▶ [Required work]: Print every record below exactly as it stands, but leave out the pictures.

▶ [Input data]:
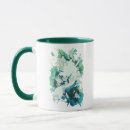 Search for the little mermaid mugs Watercolor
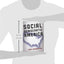 Social Democratic America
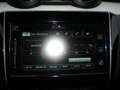 Suzuki Swift Swift 1.2i GL+NAVIGATION - thumbnail 8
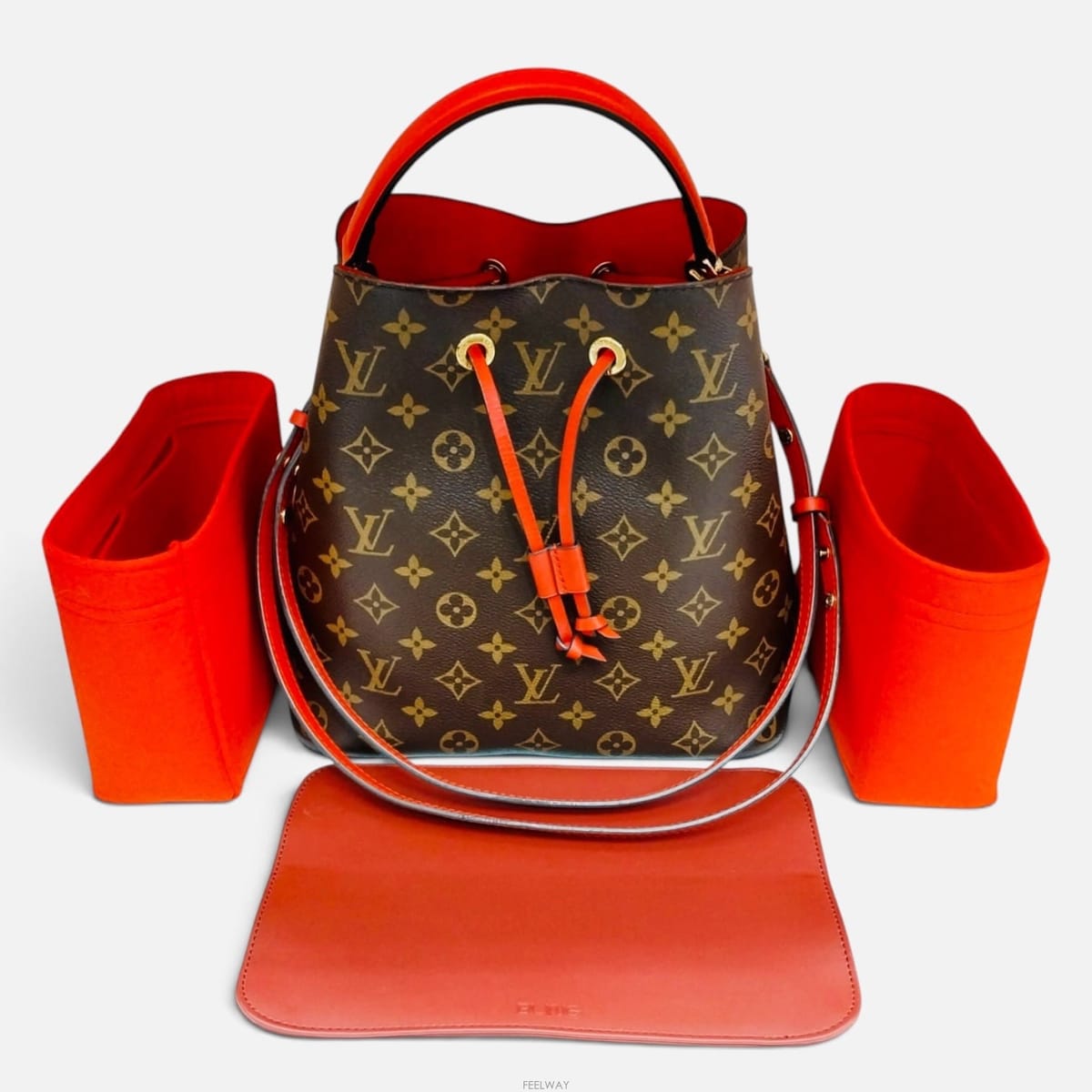 Louis Vuitton ���̺��� M44021 �׿��뿡 MM ��Ŷ�� �������̺��� M44021 �׿��뿡 MM ��Ŷ�� �����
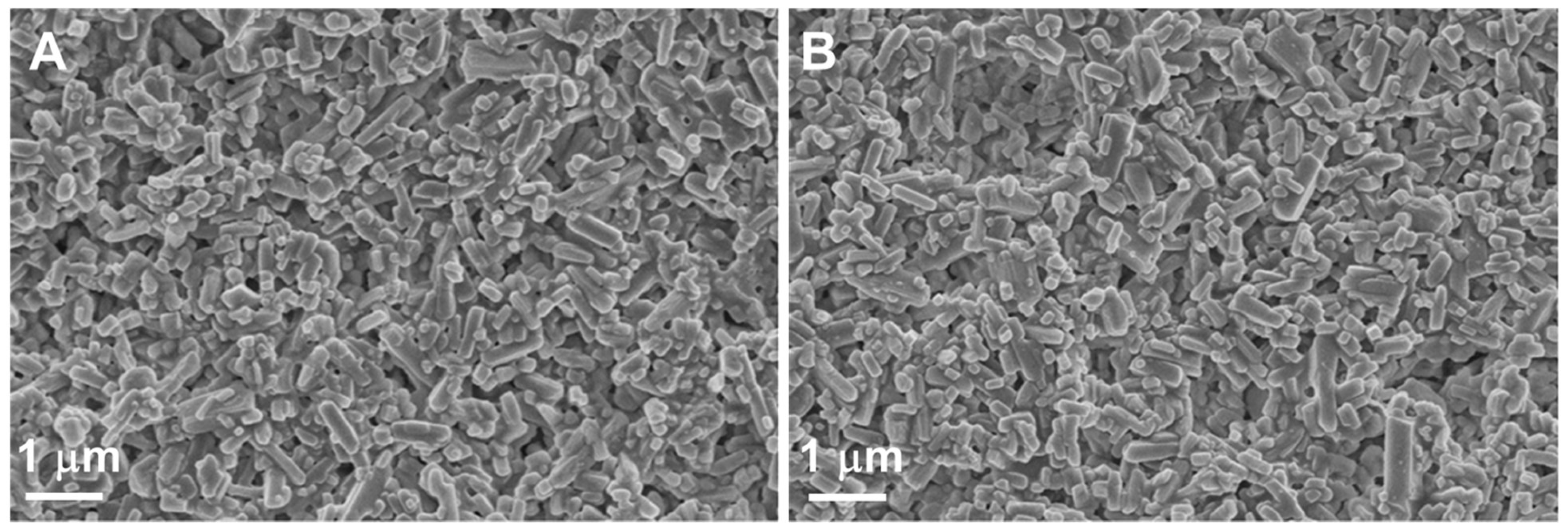 Photochem 02 00057 g002 Photochem 02 00057 g002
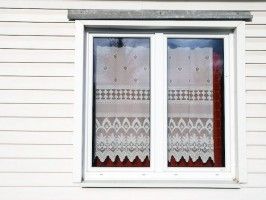 Img ventana articulo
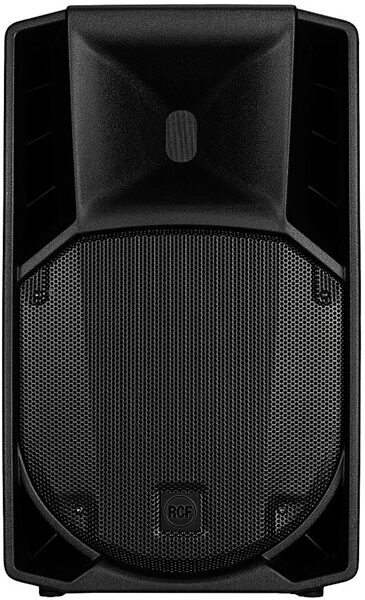 RCF ART 712-A MK5 Active Loudspeaker, New, Action Position Back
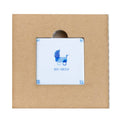 STORYTILES - Tegelkaart 'Baby arrived'
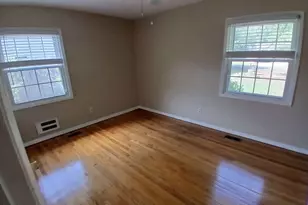 205 Greenview Dr, Wilmington, NC 28411 - Photo 25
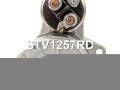 55556130, 0001107408, 24436877, 0001107435, S114-907, 0001107436, 6202013, R1540011, 93175885, 93176051, 0001107493, 6202050, 6202064, 32648N, 9199321, 93171936, 0001107405, 0001107404, 0001107495, 0986019870, 0001107401, 0001107409, 0986020870, 0986019873, 0001107412, 0001107419, 0001107492, 0001107494, 1986S00667, 9007045019, F000AL0304, 113276, 115719, CST10203, CST10248GS, 8000188, DRS3836N, DRS3837, DRS3837N, DRS8010N, RAS38231, 1202281, 93175903, 93189231, 93288991, CS1257, 8EA012527441, 8EA737988001, S114907A, STB1257AB, STB1257BA, STB1257ZL, STB9257BA, STD1257BA, STV1257RD, MS427, 220226STB1257RB, STB1257WA, STV1257RB, 24437136, 55351608, 9115190, 9115197, STR2060, 438126, 458649, 30899N, 300N10457Z Стартер Saab 9-3 1 2009г. - фото №4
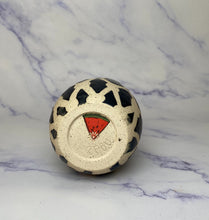 Load image into Gallery viewer, Kuffiyeh Cup no. 15
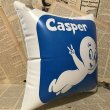 画像3: Casper/Inflatable Pillow(70s) (3)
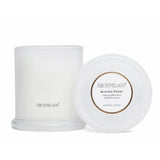 Archipelago Winter Frost 8.6 oz./244g Jar Candle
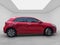 2021 Kia Rio 1.6 Hb EX At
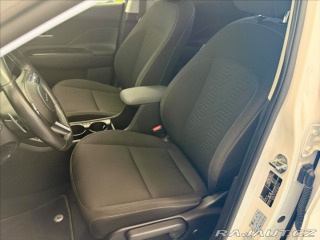 Hyundai Kona EV 65,4kWh CZECH EDITION 2024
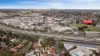 204 Beechboro Road, Bayswater, WA 6053-Image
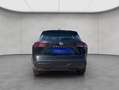 Nissan Qashqai 1.3 DIG-T MHEV Xtronic Acenta GJR Navi S Schwarz - thumbnail 4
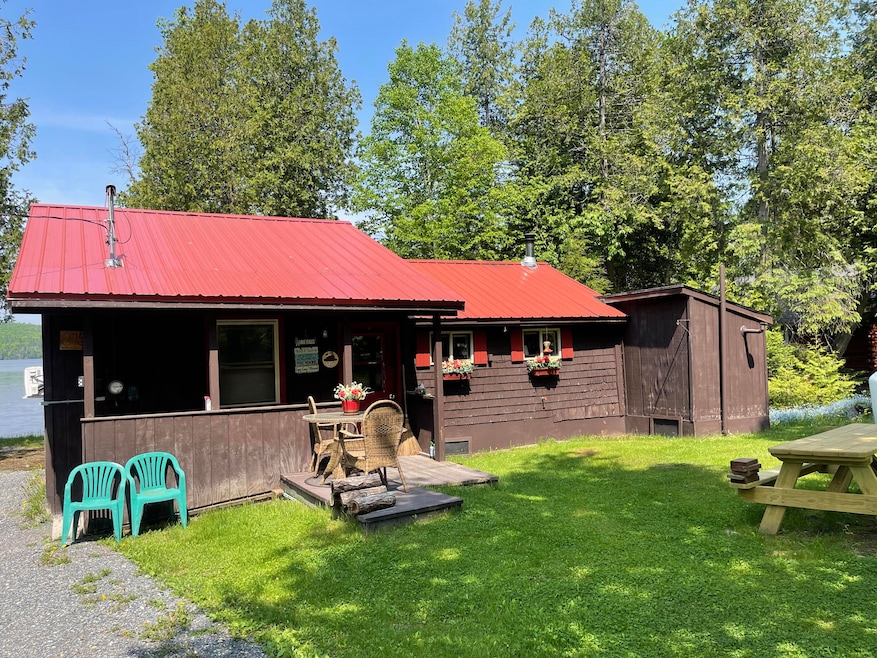 For Sale $229,000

▶ [Exercise response]:
 Search for the little mermaid mugs Watercolor
 Social Democratic America
 Suzuki Swift Swift 1.2i GL+NAVIGATION - thumbnail 8
 Louis Vuitton ���̺��� M44021 �׿��뿡 MM ��Ŷ�� �������̺��� M44021 �׿��뿡 MM ��Ŷ�� �����
 Photochem 02 00057 g002 Photochem 02 00057 g002
 Img ventana articulo
 RCF ART 712-A MK5 Active Loudspeaker, New, Action Position Back
 STORYTILES - Tegelkaart 'Baby arrived'
 205 Greenview Dr, Wilmington, NC 28411 - Photo 25
 55556130, 0001107408, 24436877, 0001107435, S114-907, 0001107436, 6202013, R1540011, 93175885, 93176051, 0001107493, 6202050, 6202064, 32648N, 9199321, 93171936, 0001107405, 0001107404, 0001107495, 0986019870, 0001107401, 0001107409, 0986020870, 0986019873, 0001107412, 0001107419, 0001107492, 0001107494, 1986S00667, 9007045019, F000AL0304, 113276, 115719, CST10203, CST10248GS, 8000188, DRS3836N, DRS3837, DRS3837N, DRS8010N, RAS38231, 1202281, 93175903, 93189231, 93288991, CS1257, 8EA012527441, 8EA737988001, S114907A, STB1257AB, STB1257BA, STB1257ZL, STB9257BA, STD1257BA, STV1257RD, MS427, 220226STB1257RB, STB1257WA, STV1257RB, 24437136, 55351608, 9115190, 9115197, STR2060, 438126, 458649, 30899N, 300N10457Z Стартер Saab 9-3 1 2009г. - фото №4
 Load image into Gallery viewer, Kuffiyeh Cup no. 15
 画像3: Casper/Inflatable Pillow(70s) (3)
 Archipelago Winter Frost 8.6 oz./244g Jar Candle
 2021 Kia Rio 1.6 Hb EX At
 Hyundai Kona EV 65,4kWh CZECH EDITION 2024
 204 Beechboro Road, Bayswater, WA 6053-Image
 Nissan Qashqai 1.3 DIG-T MHEV Xtronic Acenta GJR Navi S Schwarz - thumbnail 4
 For Sale $229,000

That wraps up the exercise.